■ SOURCE MATERIAL
----------

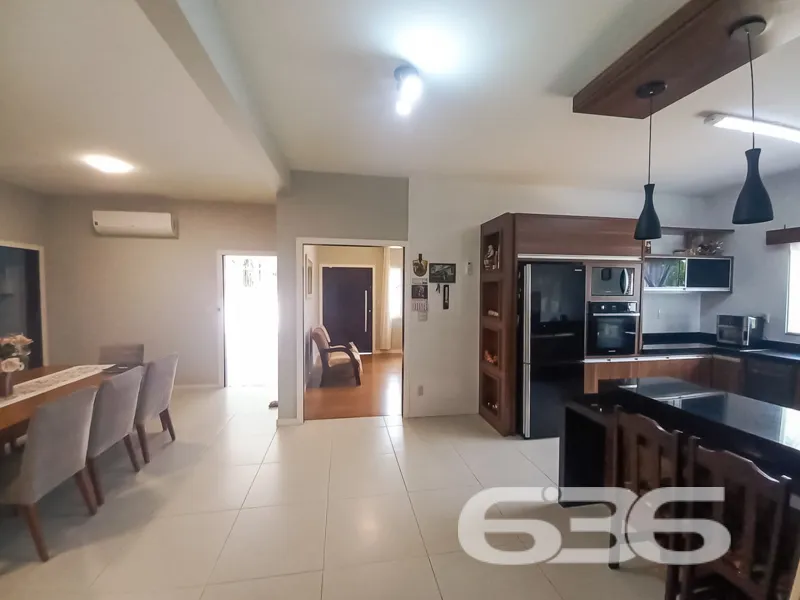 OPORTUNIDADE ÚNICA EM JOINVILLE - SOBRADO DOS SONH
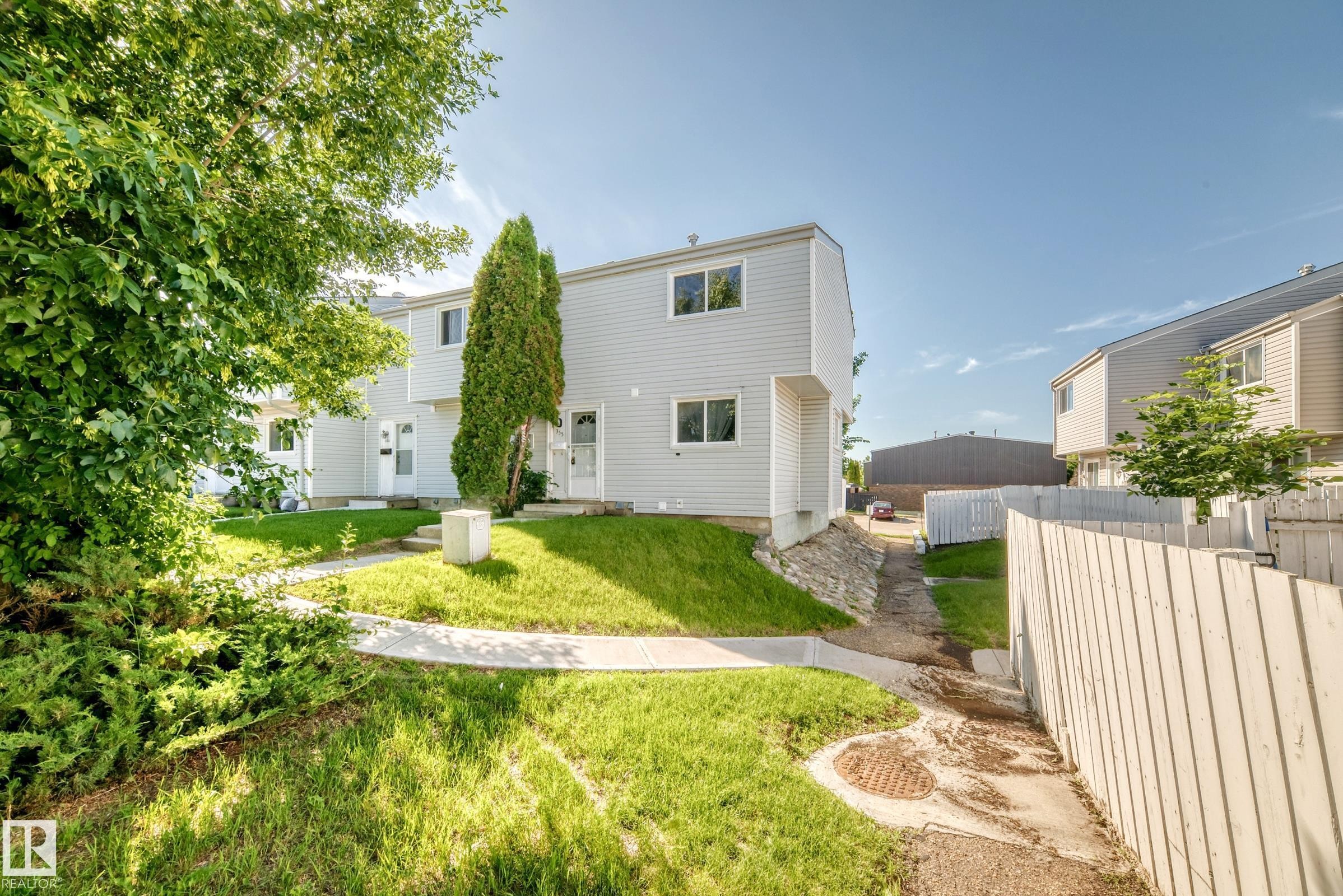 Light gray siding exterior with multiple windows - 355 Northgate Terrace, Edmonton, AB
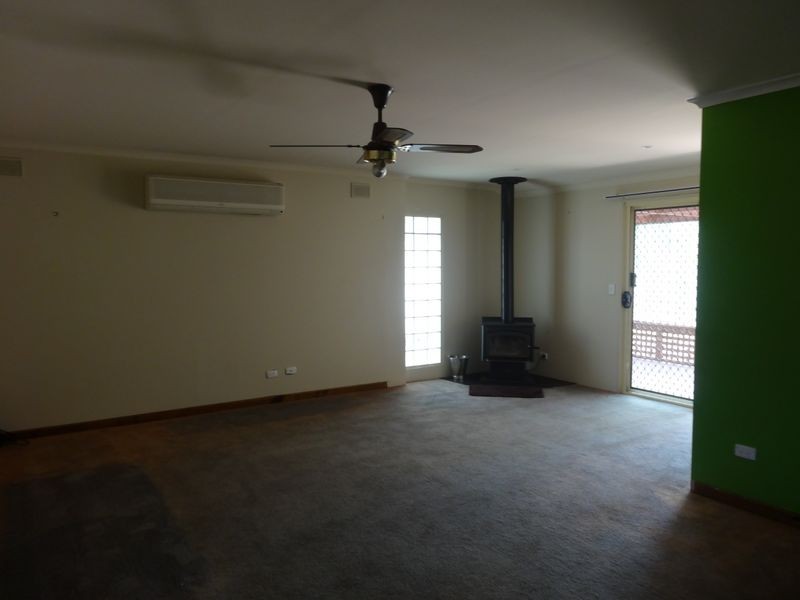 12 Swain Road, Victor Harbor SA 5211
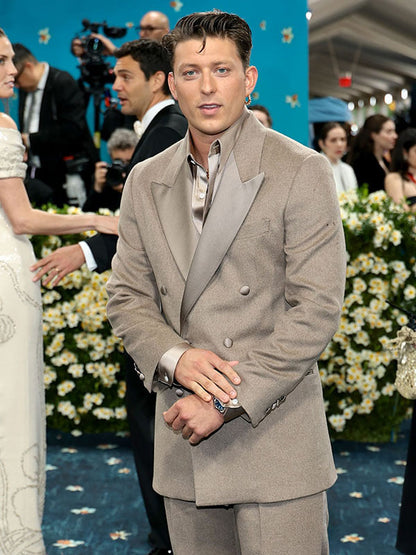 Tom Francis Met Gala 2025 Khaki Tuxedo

----------

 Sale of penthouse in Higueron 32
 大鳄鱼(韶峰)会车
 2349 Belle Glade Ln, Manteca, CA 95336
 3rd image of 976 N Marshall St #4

----------

■ WORK REQUEST
Set down again, exactly, every line above from the one with "OPORTUNIDADE ÚNICA EM" down to the one with "Tom Francis Met Gala 2025 Khaki Tuxedo", both ends included. No pictures, and nothing else.

■ ANSWER SPACE
 OPORTUNIDADE ÚNICA EM JOINVILLE - SOBRADO DOS SONH
 Light gray siding exterior with multiple windows - 355 Northgate Terrace, Edmonton, AB
 12 Swain Road, Victor Harbor SA 5211
 Tom Francis Met Gala 2025 Khaki Tuxedo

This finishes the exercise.